On ER last night, Abby half-quoted one of my favorite e.e. cummings poems. "I Carry Your Heart with Me." Here it is, in it's entirety:

i carry your heart with me (i carry it in
my heart) i am never without (anywhere
i go you go, i go, my dear; and whatever is done
by my only me is your doing, my darling)
i fear
no fate (for you are my fate, my sweet) i want
no world (for you beautiful you are my world, my true)
and it's you are whatever a moon has always meant
and whatever a sun will always sing is you

here is the deepest secret nobody knows
(here is the root of the root and the bud of the bud
and the sky of the sky of a tree called life; which grows
higher than soul can hope or mind can hide)
and this is the wonder that's keeping the stars apart.

i carry your heart with me (i carry it in my heart)

While doing laundry today, that Elizabeth Bishop poem kept echoing in my head: "The Art of Losing Isn't Hard to Master..." All I could really remember by heart was "practice losing farther, losing faster." I have been practising losing, or at least, practicing not being attached to the things I think I have.

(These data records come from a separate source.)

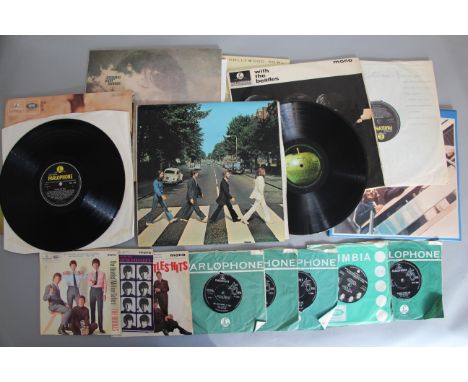 The Beatles LP's & singles on vinyl including With The Beatles mono PMC 1206 (Cover - poor, record excellent), Beatles for Sa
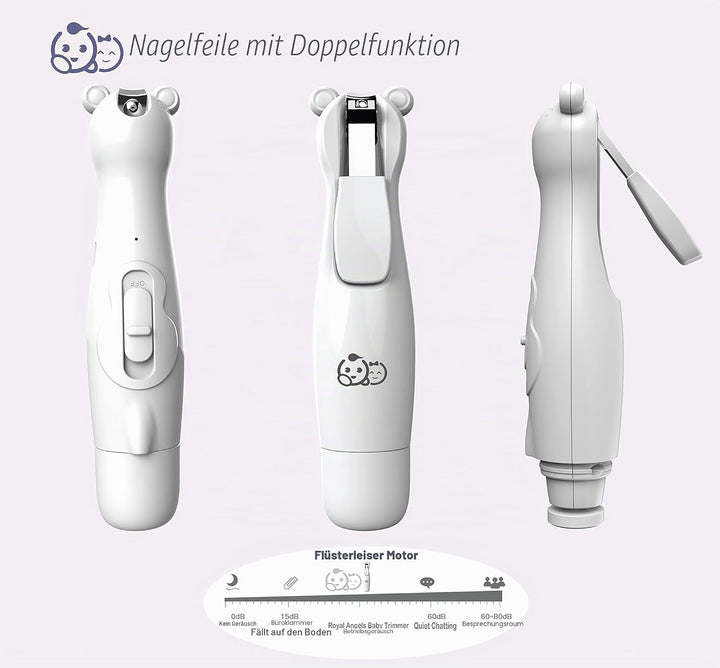Wiederaufladbarer Baby-Nagelknipser 20 in 1, sicherer elektrischer Nagelschneider, Baby-Nagelset, zu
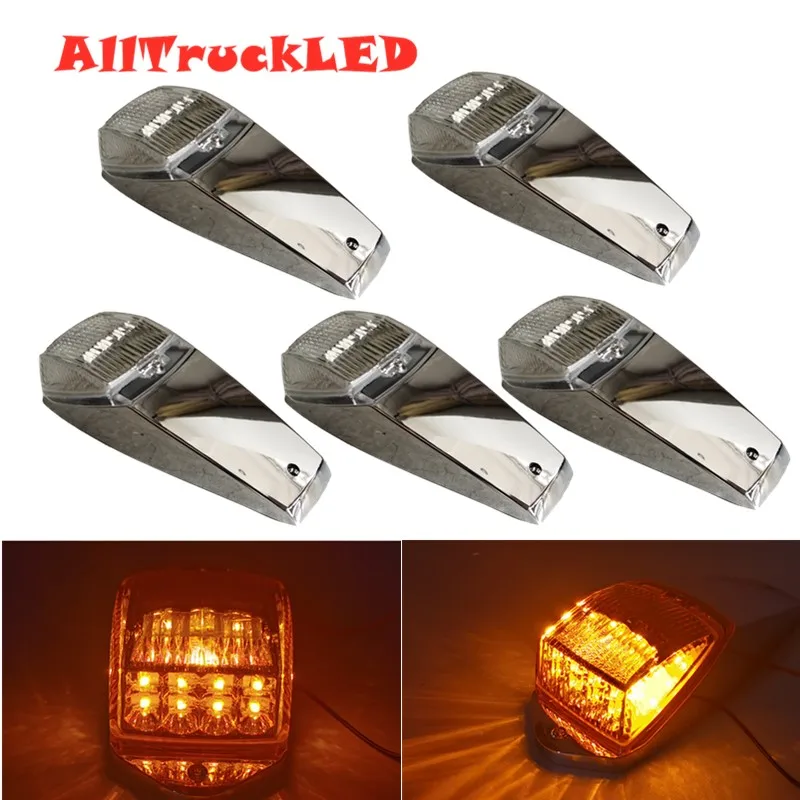 

5Pcs 12v 24v Truck Cab Marker Light 17 LED Amber Top Roof Running Lights Trailer Light for Peterbilt Kenworth Freightliner Mack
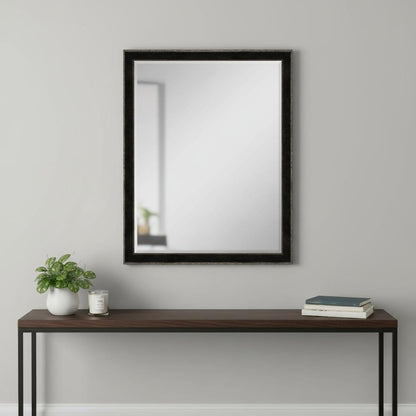 44" Dark Brown Wood Accent Mirror
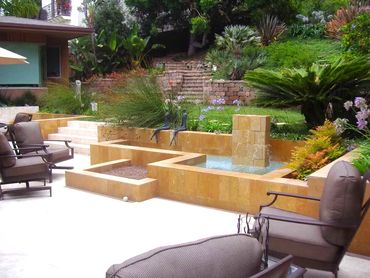 Water feature with natural landscaping in La Jolla, California.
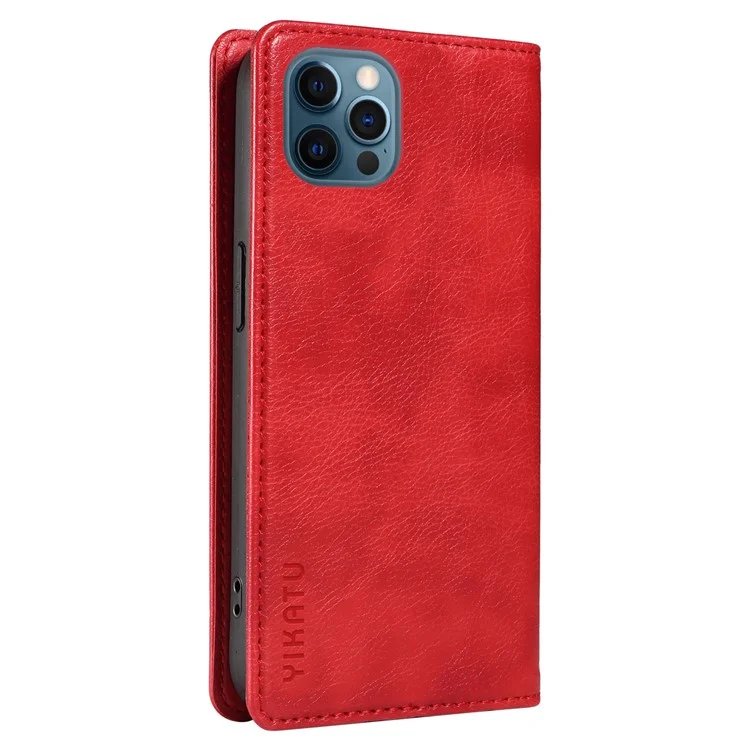 YIKATU YK-006 Pour iPhone 12 / iPhone 12 Pro 6.1 pouces Étui en cuir Fermeture magnétique Étui portefeuille pour téléphone - Rouge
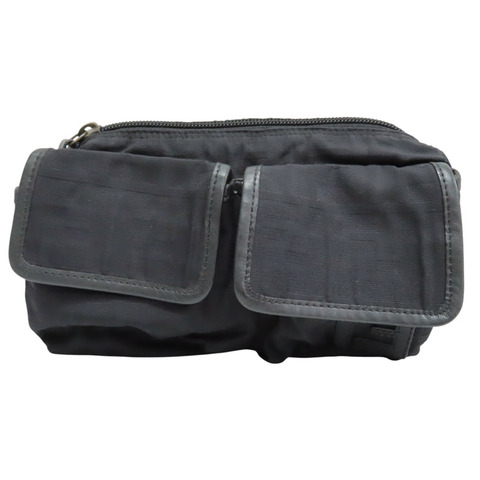 黑色 帆布 Zucca腰包 肩背包【FENDI 芬迪】 7VA149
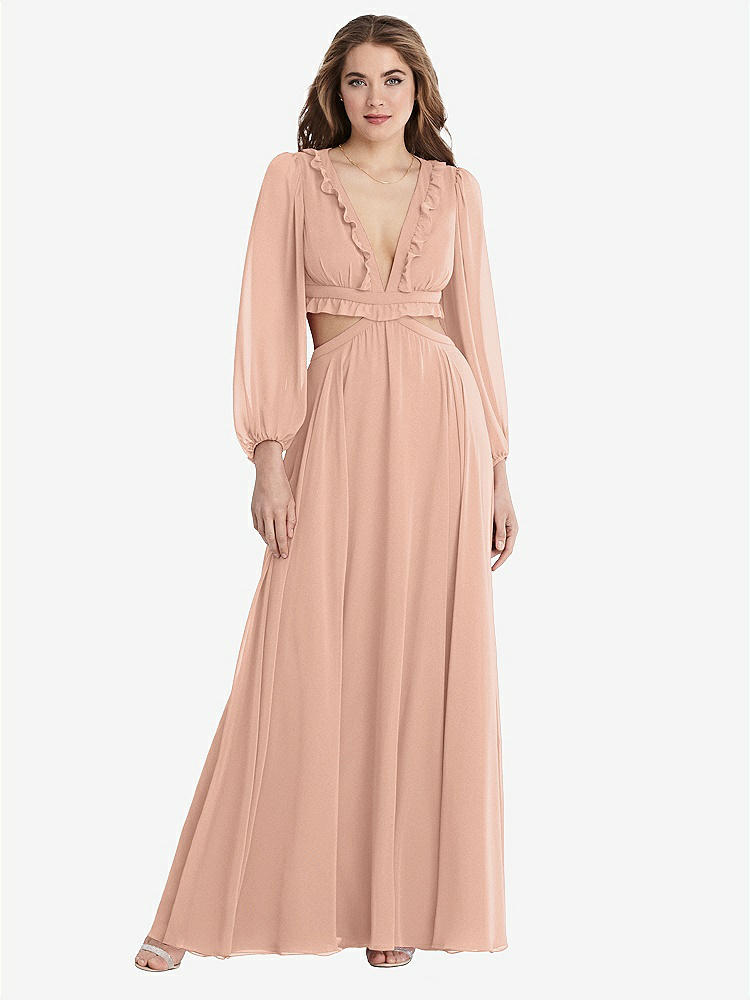 【STYLE: LB015】Bishop Sleeve Ruffled Chiffon Cutout Maxi Dress - Harlow 【COLOR: Pale Peach】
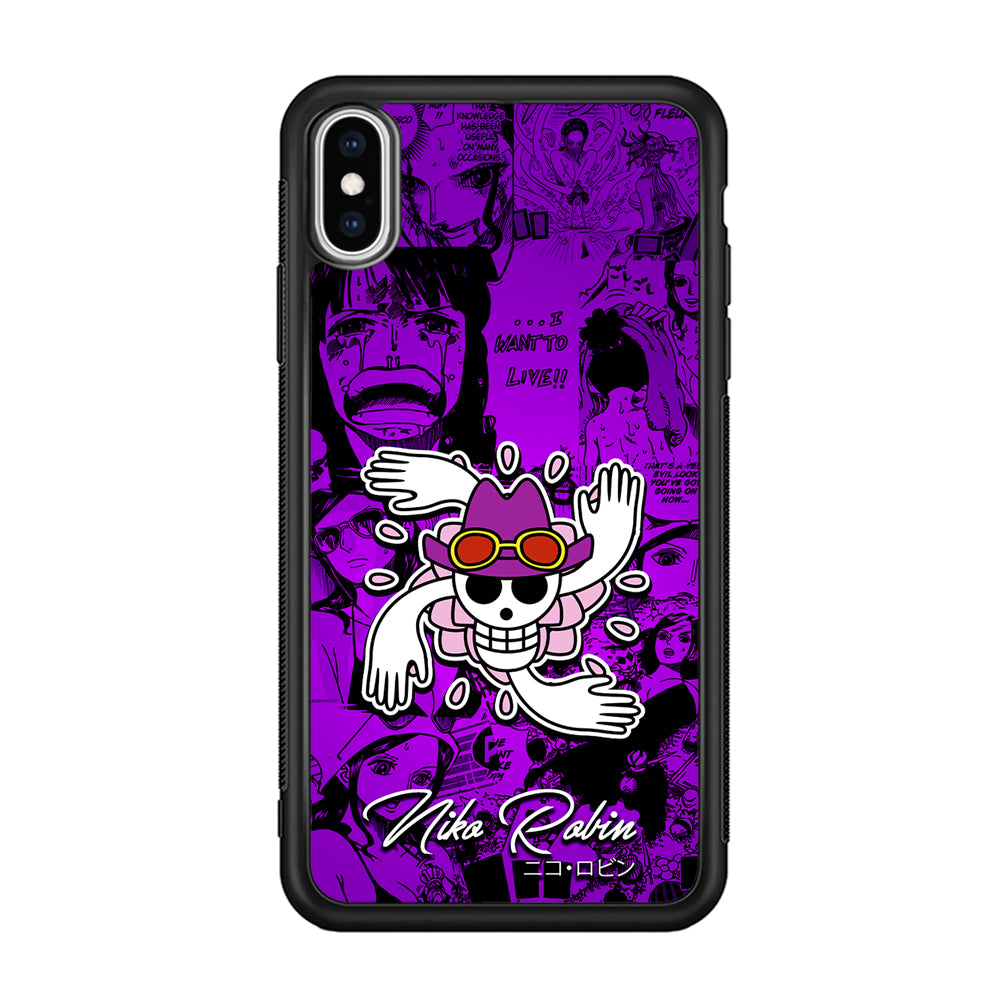 One Piece Robin Comic iPhone Xs Case-Phone Case-Rubber Black (2D Case)-Altracase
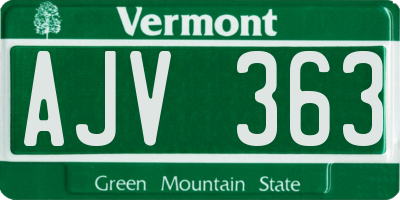 VT license plate AJV363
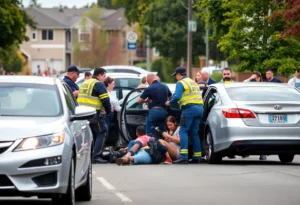 Emergency responders at a car crash scene in Orange County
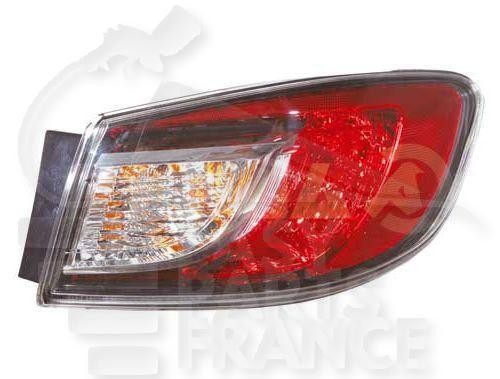 Feu arrière-droit extérieur Mazda 3 4 portes 2009-2011 bloc optique rouge et blanc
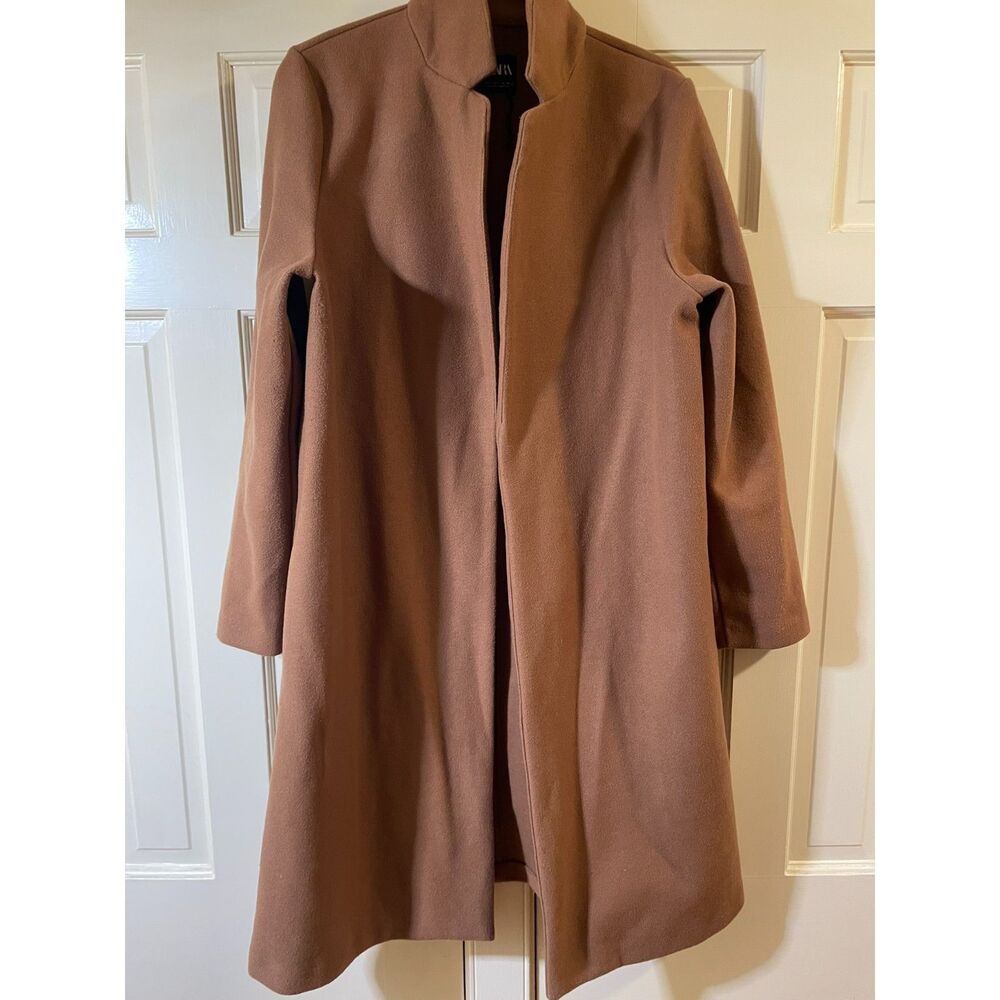 Zara Camel Open-Front Tailored Long Duster Coat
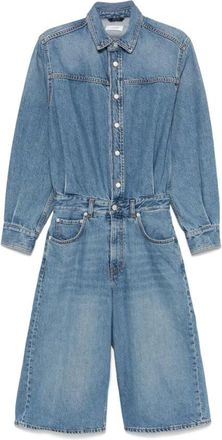 Haikure Jumpsuits & Playsuits, Dames, Blauw, L, Katoen, Blauw overhemd met knopen en zakken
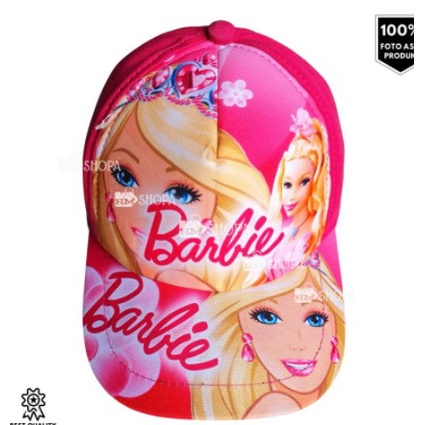 Topi Anak Perempuan Motif Karakter Barbie/Topi Anak Masakini / Topi Anak Karakter Barbie Terbaru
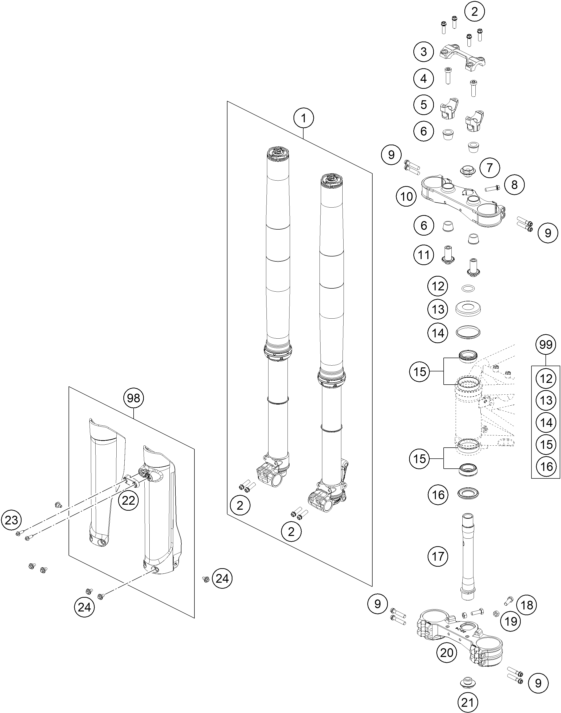 Explosionsgrafik TELEGABEL, GABELBRÜCKE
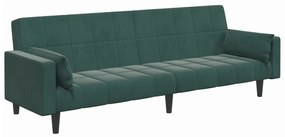 Sofá-cama 2 lugares c/ apoio de pés veludo verde-escuro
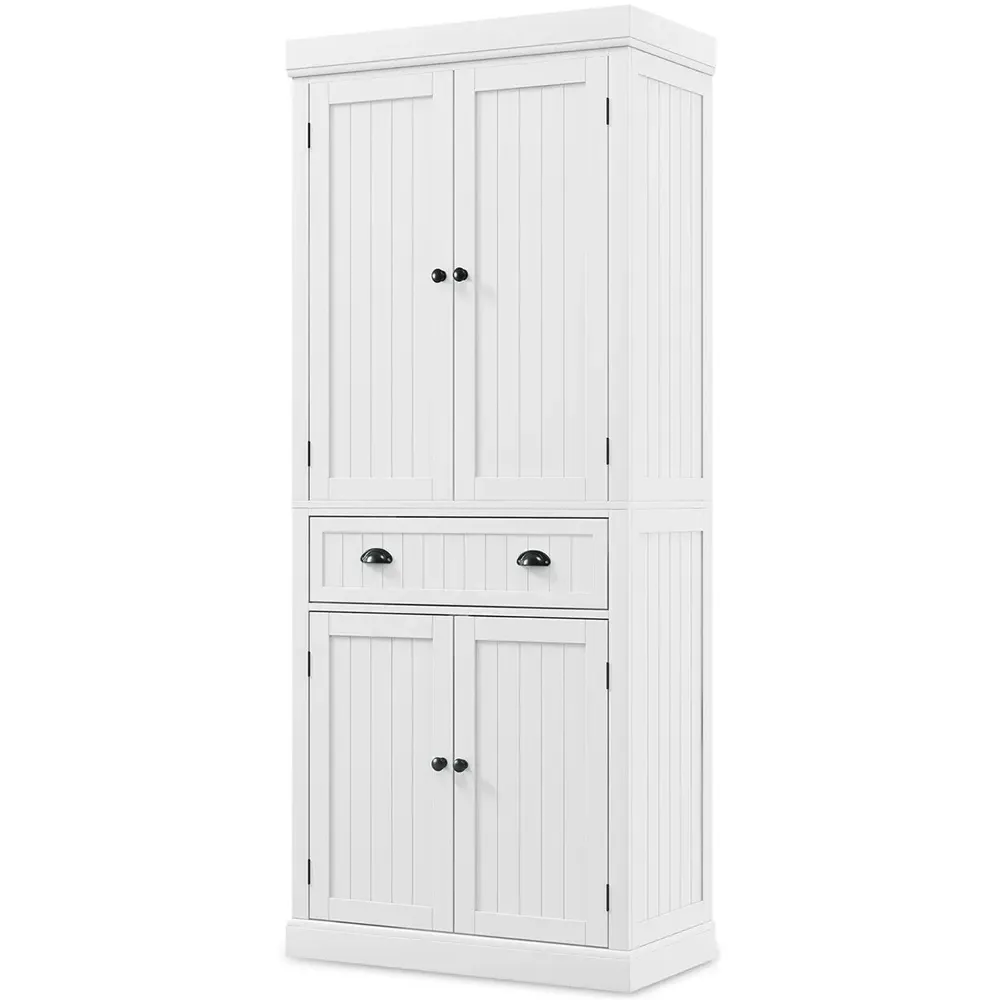 4 Door Tall Kitchen Cupboard with Drawer - White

The message, I guess, is that you should lose something every day, maybe just so that you understand that things aren't important; that you will always be losing something whether you recognize it or not. Your youth, your memories, your house.

I give you, "One Art:"

The art of losing isn't hard to master;
so many things seem filled with the intent
to be lost that their loss is no disaster.

Lose something every day. Accept the fluster
of lost door keys, the hour badly spent.
The art of losing isn't hard to master.

Then practice losing farther, losing faster:
places, and names, and where it was you meant
to travel. None of these will bring disaster.

I lost my mother's watch. And look! my last, or
next-to-last, of three loved houses went.
The art of losing isn't hard to master.

I lost two cities, lovely ones.
And, vaster, some realms I owned, two rivers, a continent.
I miss them, but it wasn't a disaster.---

Even losing you (the joking voice, a gesture I love)
I shan't have lied. It's evident
the art of losing's not too hard to master
though it may look like (Write it!) like disaster.